The Frontier cluster (see: Crusher) is located at OLCF. Each node contains 4 AMD MI250X GPUs, each with 2 Graphics Compute Dies (GCDs) for a total of 8 GCDs per node. You can think of the 8 GCDs as 8 separate GPUs, each having 64 GB of high-bandwidth memory (HBM2E).

Introduction

If you are new to this system, please see the following resources:

  • Crusher user guide
  • Batch system: Slurm
  • Production directories:
    • $PROJWORK/$proj/: shared with all members of a project, purged every 90 days (recommended)
    • $MEMBERWORK/$proj/: single user, purged every 90 days (usually smaller quota)
    • $WORLDWORK/$proj/: shared with all users, purged every 90 days
    • Note that the $HOME directory is mounted as read-only on compute nodes. That means you cannot run in your $HOME.

Installation

Use the following commands to download the WarpX source code and switch to the correct branch.
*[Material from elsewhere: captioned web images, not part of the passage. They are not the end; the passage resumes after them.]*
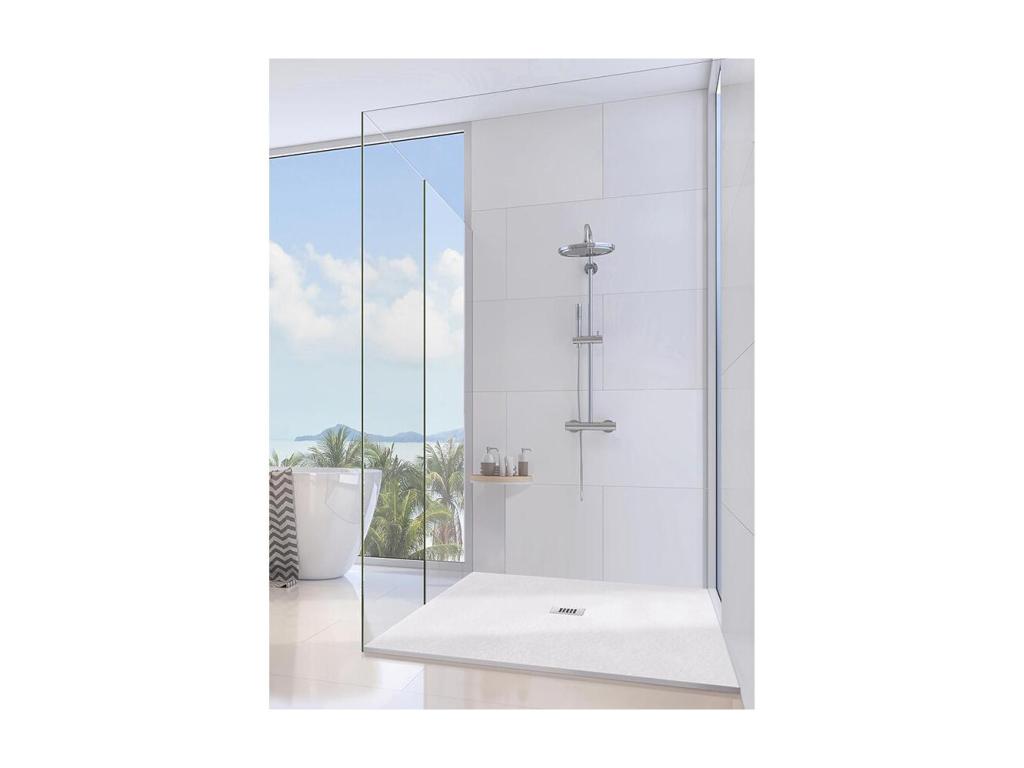 Dormeva Extra Thin White Marmoresin Shower Tray 92x107 with Free Drain GPXI14081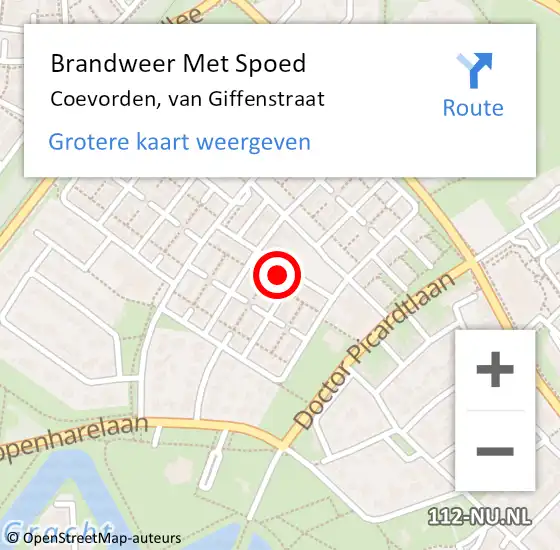 Locatie op kaart van de 112 melding: Brandweer Met Spoed Naar Coevorden, van Giffenstraat op 13 maart 2024 02:50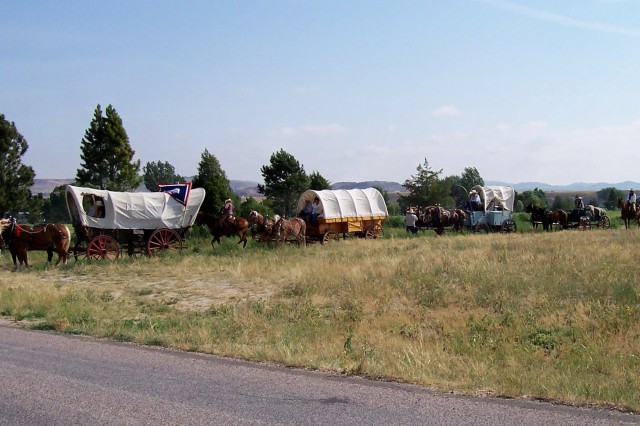 Oregon Trail reenactments are conducted on Camp Guernsey.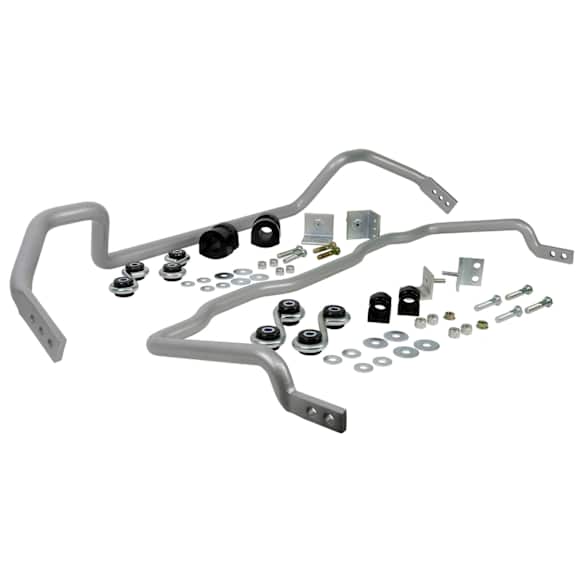 BBK001 Front and Rear Sway Bar Kit, 27 mm Front; 22 mm Rear, Powdercoated Silver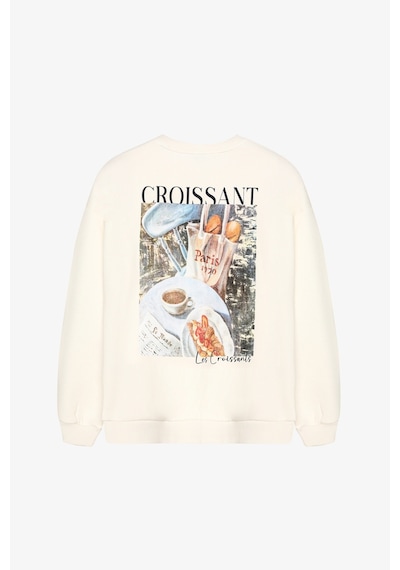 Quzu Kruvasan Baskılı Oversize Sweatshirt Ekru
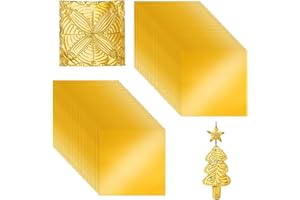 AHANDMAKER 100pcs Gold Aluminum Foil Sheets Heavy Duty Board Embossing Foil Sheets for Painting Engraving Art Craft Projects 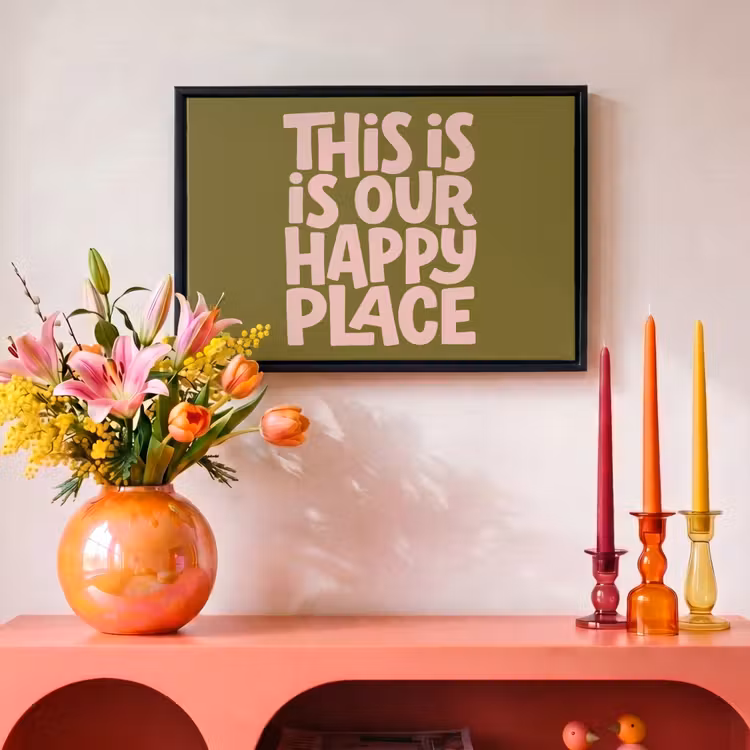Canvas met lijst - Happy place - Quote - Olijfgroen — 4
You have to do this on Summit/OLCF Home/etc. since Frontier cannot connect directly to the internet:

git clone https://github.com/ECP-WarpX/WarpX.git $HOME/src/warpx
git clone https://github.com/AMReX-Codes/amrex.git $HOME/src/amrex
git clone https://github.com/ECP-WarpX/picsar.git $HOME/src/picsar
git clone -b 0.14.5 https://github.com/openPMD/openPMD-api.git $HOME/src/openPMD-api

To enable HDF5, work-around the broken HDF5_VERSION variable (empty) in the Cray PE by commenting out the following lines in $HOME/src/openPMD-api/CMakeLists.txt: https://github.com/openPMD/openPMD-api/blob/0.14.5/CMakeLists.txt#L216-L220

We use the following modules and environments on the system ($HOME/frontier_warpx.profile).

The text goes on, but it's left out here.